Can Fancy Teacher Evaluation Systems End The Achievement Plateau?
We've spent a fortune trying to build perfect evaluation systems. It's not working.
The Rivian R1T truck is an impressive piece of engineering. It’s an all-electric truck with a range of 314 miles with a built-in camping kitchen, automatic highway driving system, and an optional rooftop tent. If you’ve got a spare $70,000 lying around, this is probably the truck for you. Much to the dismay of a good friend of mine, this is not the truck for 99% of drivers.
In public education, many states and districts have spent the last decade trying to build the Rivian of teacher accountability and evaluation — systems so perfectly engineered and full of features that they’re designed to produce accurate and meaningful evaluations of teachers.

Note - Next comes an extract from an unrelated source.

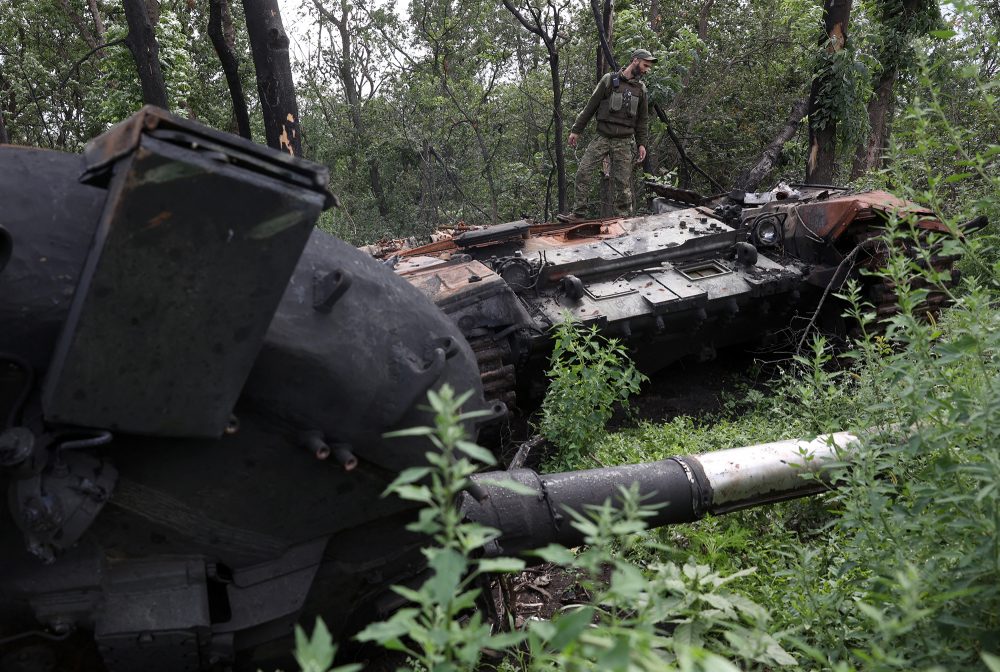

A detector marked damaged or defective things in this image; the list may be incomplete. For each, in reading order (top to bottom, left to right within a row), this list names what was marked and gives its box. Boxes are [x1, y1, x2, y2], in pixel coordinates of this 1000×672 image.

burnt metal surface [42, 113, 328, 438] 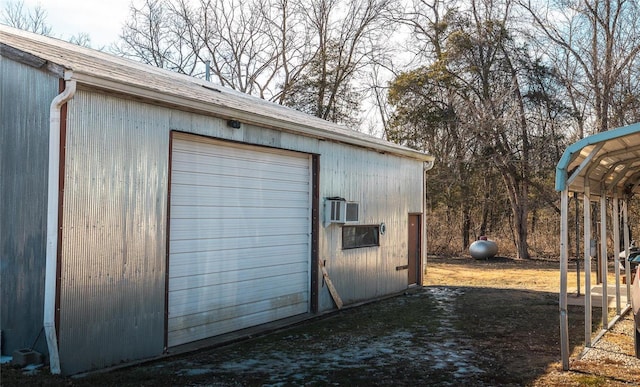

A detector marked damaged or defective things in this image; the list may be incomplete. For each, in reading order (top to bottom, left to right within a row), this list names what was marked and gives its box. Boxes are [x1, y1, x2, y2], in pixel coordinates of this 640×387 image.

rusty metal siding [0, 57, 58, 358]
rusty metal siding [57, 91, 169, 376]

Typically, these usually include a series of classroom observations scored on a rubric. Those scores then get factored into a formula that includes a teacher-created student achievement goal, a building level score that gets a “challenge multiplier” for having a large percentage of economically disadvantaged students, and, for certain teachers, some valued-added assessment data. Some even include scores from student and parent surveys. The numbers all get crunched and spit out a score for each individual teacher.
The only problem? They’re just not working, according to a new(ish) paper released by the Annenberg Institute at Brown University. In short, almost a decade of reforms to create these complex and rigorous teacher evaluation systems have produced almost no measurable improvement in reading, math, or high school graduation.

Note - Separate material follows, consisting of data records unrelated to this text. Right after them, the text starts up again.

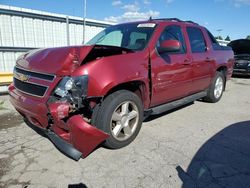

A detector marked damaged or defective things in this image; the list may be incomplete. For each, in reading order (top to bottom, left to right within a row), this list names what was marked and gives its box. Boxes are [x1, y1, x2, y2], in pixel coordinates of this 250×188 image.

crumpled hood [16, 45, 94, 75]
cracked bumper [9, 83, 108, 160]
broken headlight [54, 75, 88, 97]
damaged front end [44, 75, 109, 160] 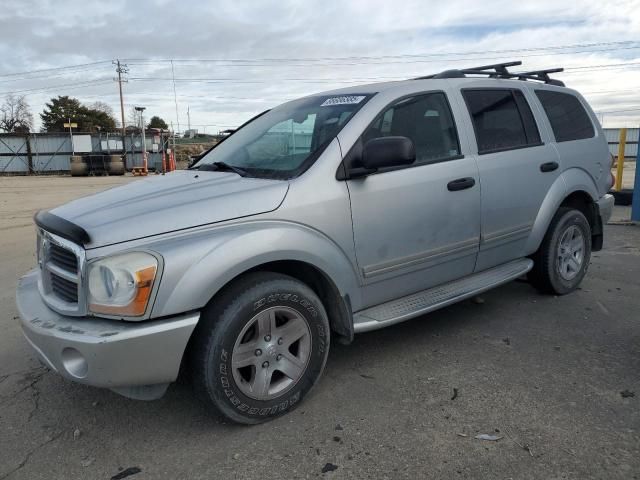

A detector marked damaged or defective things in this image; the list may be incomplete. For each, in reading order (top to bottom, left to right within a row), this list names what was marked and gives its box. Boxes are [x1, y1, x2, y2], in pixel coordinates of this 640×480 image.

cracked pavement [0, 177, 636, 480] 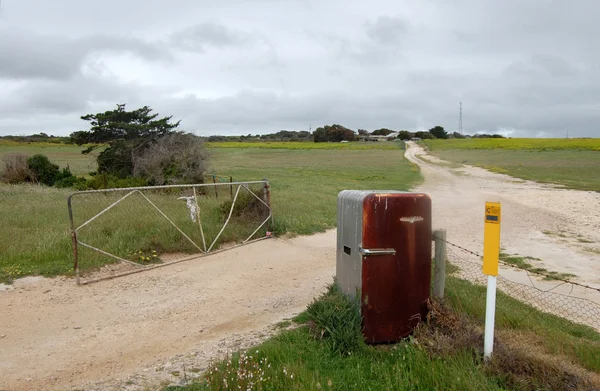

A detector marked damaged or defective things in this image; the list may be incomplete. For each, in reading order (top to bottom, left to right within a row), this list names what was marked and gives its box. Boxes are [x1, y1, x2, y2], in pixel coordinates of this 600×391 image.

rusty old refrigerator [338, 191, 432, 344] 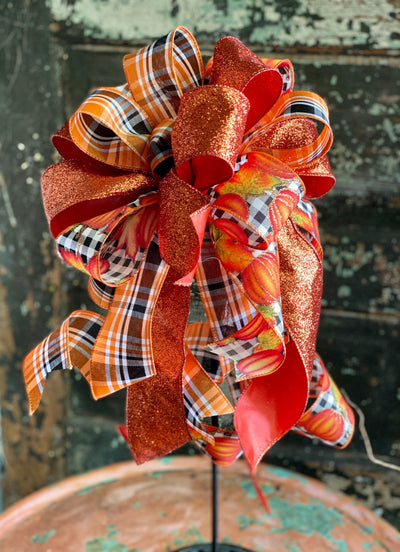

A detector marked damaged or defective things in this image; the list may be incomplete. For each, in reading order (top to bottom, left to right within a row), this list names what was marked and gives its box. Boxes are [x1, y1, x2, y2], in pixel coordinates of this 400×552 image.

chipped teal paint [76, 476, 117, 494]
chipped teal paint [241, 476, 276, 498]
chipped teal paint [268, 464, 308, 486]
chipped teal paint [238, 512, 262, 532]
chipped teal paint [268, 496, 346, 552] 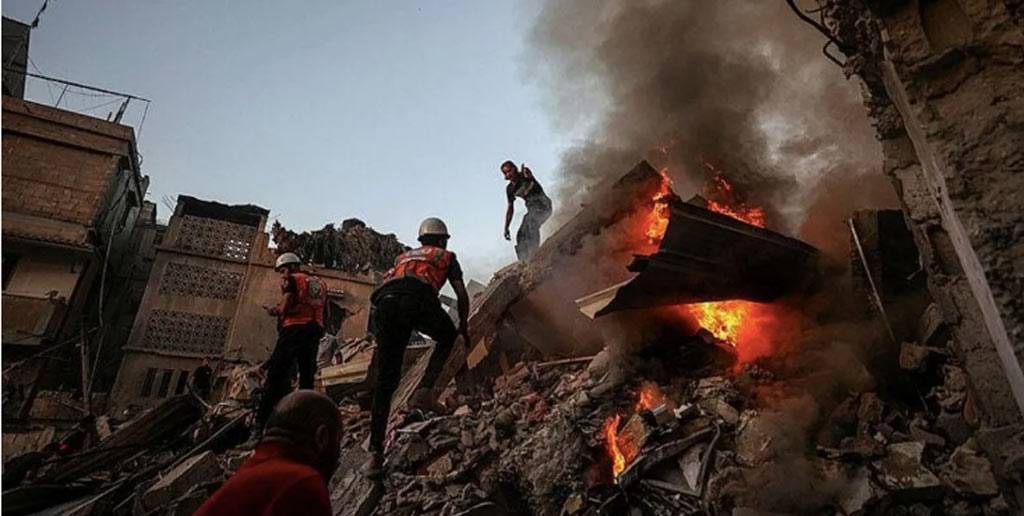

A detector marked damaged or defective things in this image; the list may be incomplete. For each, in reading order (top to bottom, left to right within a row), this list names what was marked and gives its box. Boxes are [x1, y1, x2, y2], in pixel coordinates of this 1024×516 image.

damaged building facade [112, 195, 378, 413]
broken roof panel [581, 198, 819, 317]
broken concrete slab [142, 450, 222, 509]
broken concrete slab [872, 442, 942, 501] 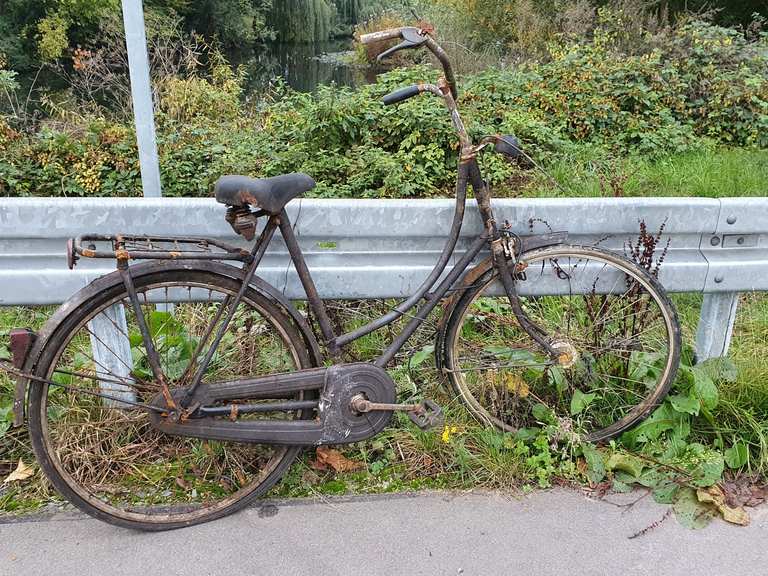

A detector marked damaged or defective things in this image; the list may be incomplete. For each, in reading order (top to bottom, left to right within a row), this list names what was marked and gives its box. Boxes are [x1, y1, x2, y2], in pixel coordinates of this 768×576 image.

rusty bicycle [4, 27, 680, 532] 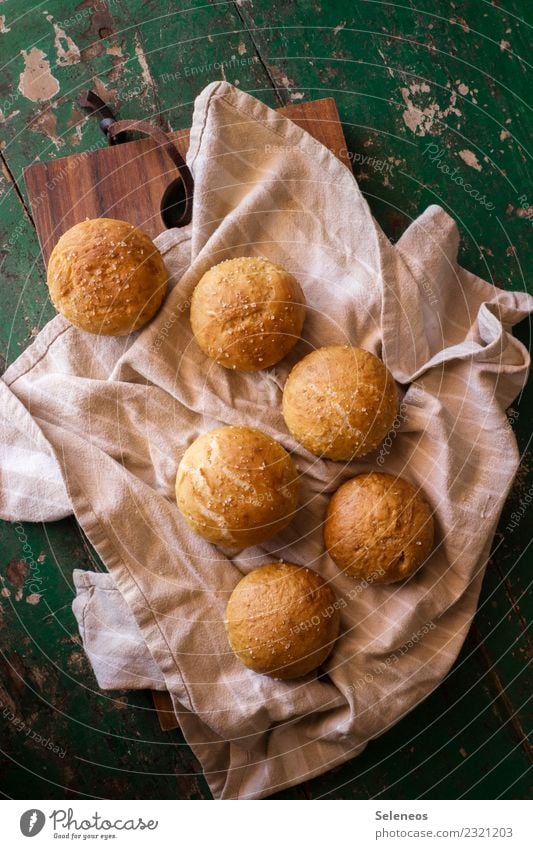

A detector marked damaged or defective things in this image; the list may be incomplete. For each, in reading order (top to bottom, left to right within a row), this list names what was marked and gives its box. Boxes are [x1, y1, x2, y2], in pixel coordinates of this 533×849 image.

chipped paint surface [17, 48, 59, 102]
chipped paint surface [456, 149, 480, 171] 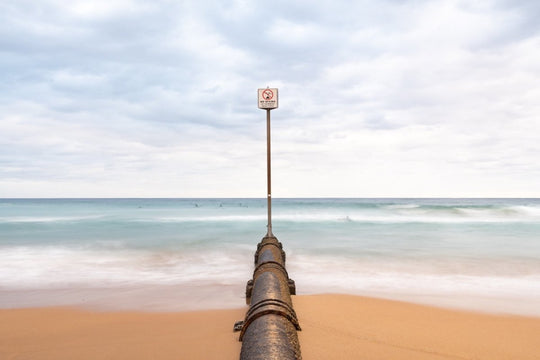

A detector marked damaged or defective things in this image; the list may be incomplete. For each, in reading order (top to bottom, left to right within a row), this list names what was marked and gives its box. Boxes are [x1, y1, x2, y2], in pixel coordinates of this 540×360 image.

I can guess why. My initial draft of this post had over 30 points, but I can boil them down to this: teachers are mostly doing what is asked of them and evaluating them more and in more complex ways will not change that.
Approaches like improving teacher evaluation are still predicated on education reform 1.0 (maybe -1.0), which purports that those at the school level (teachers and principals) are responsible for The Achievement Plateau. As I’ve written repeatedly, this is akin to holding the chefs and managers to account for the widespread failures of a chain restaurant. We can double down on more complex and more frequent evaluations of the line chefs at The Cheesecake Factory — or we can just give them better recipes, better ingredients, and hire more staff.

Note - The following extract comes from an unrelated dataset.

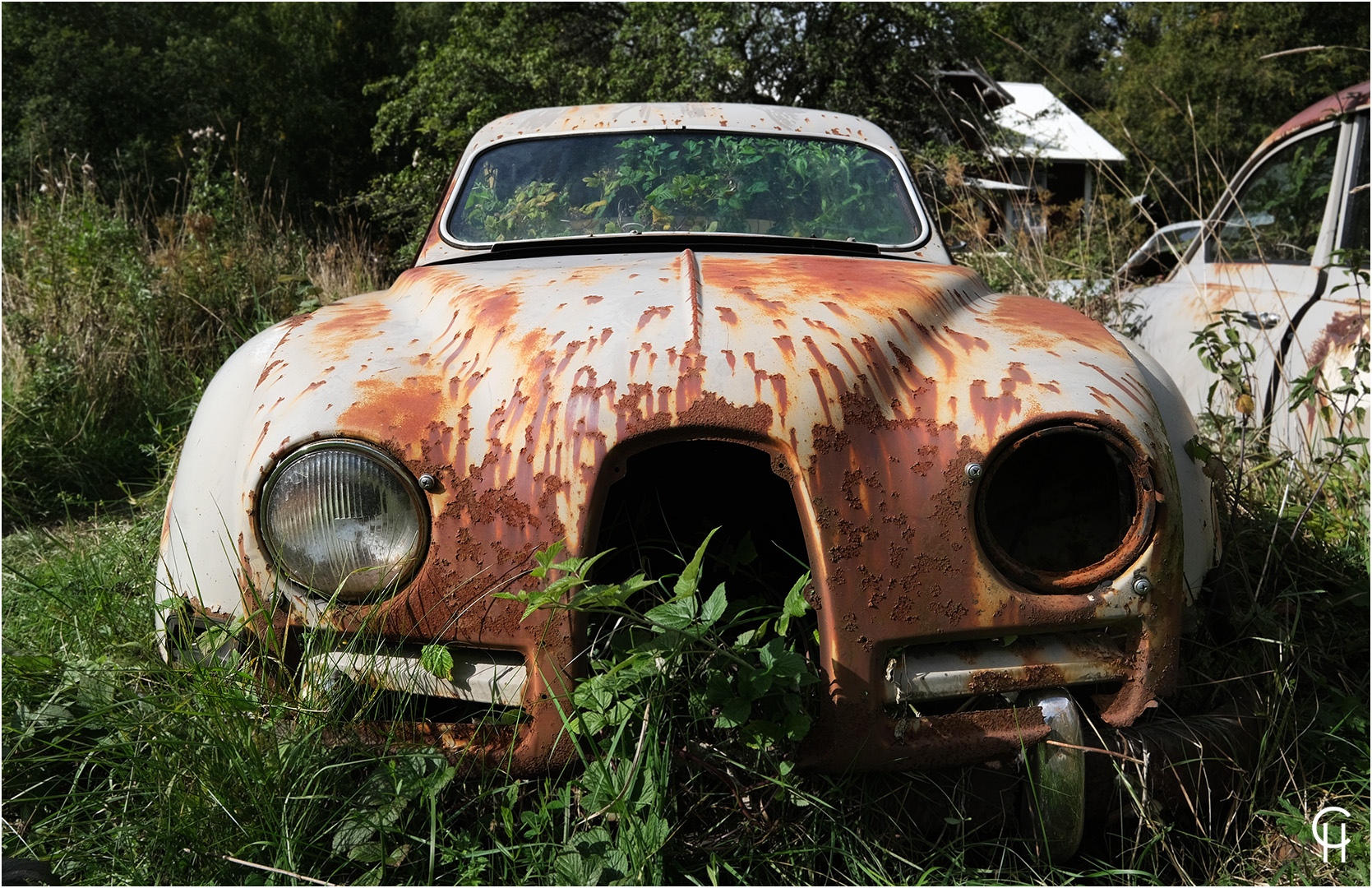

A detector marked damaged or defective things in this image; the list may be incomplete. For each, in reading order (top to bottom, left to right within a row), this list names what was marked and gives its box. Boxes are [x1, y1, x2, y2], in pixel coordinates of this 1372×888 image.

corroded metal surface [155, 100, 1218, 774]
rusty abandoned car [157, 100, 1223, 856]
second rusty car [160, 102, 1223, 856] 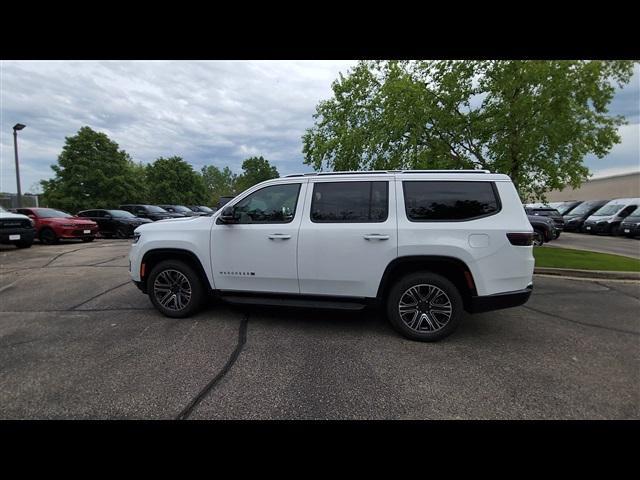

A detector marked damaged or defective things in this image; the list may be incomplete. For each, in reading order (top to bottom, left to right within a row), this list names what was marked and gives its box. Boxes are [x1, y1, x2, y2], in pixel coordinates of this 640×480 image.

Beyond that, as this lovely chart from this Linda Darling-Hammond talk suggests, teachers don’t account for a large percentage in the variance in student achievement. Schools and districts collectively can have a strong impact, but individual teachers — not so much. (I should note that Darling-Hammond discusses many components that should be included in evaluation systems, and I would disagree with her on that.)
That’s not to say we shouldn’t help them get better — educating at-risk students is challenging work and every incremental gain matters.
But we should be more thoughtful about the rate of return on our investments in reforms. These teacher evaluation reforms cost somewhere between $15-20 billion dollars. That’s a lot of cash for very little return on taxpayers’ investment.
Why are they so costly? Evaluation systems require rubrics (that are paid for) that require regular training for teachers and principals, software systems (to capture the scores from the rubrics) that also require regular adult training, complex data systems at state and local levels to analyze student achievement data and generate a teacher rating — and training on that data and how it’s computed. The maintenance on all those components is also astronomical, just like the maintenance on a vehicle with a built-in camping kitchen.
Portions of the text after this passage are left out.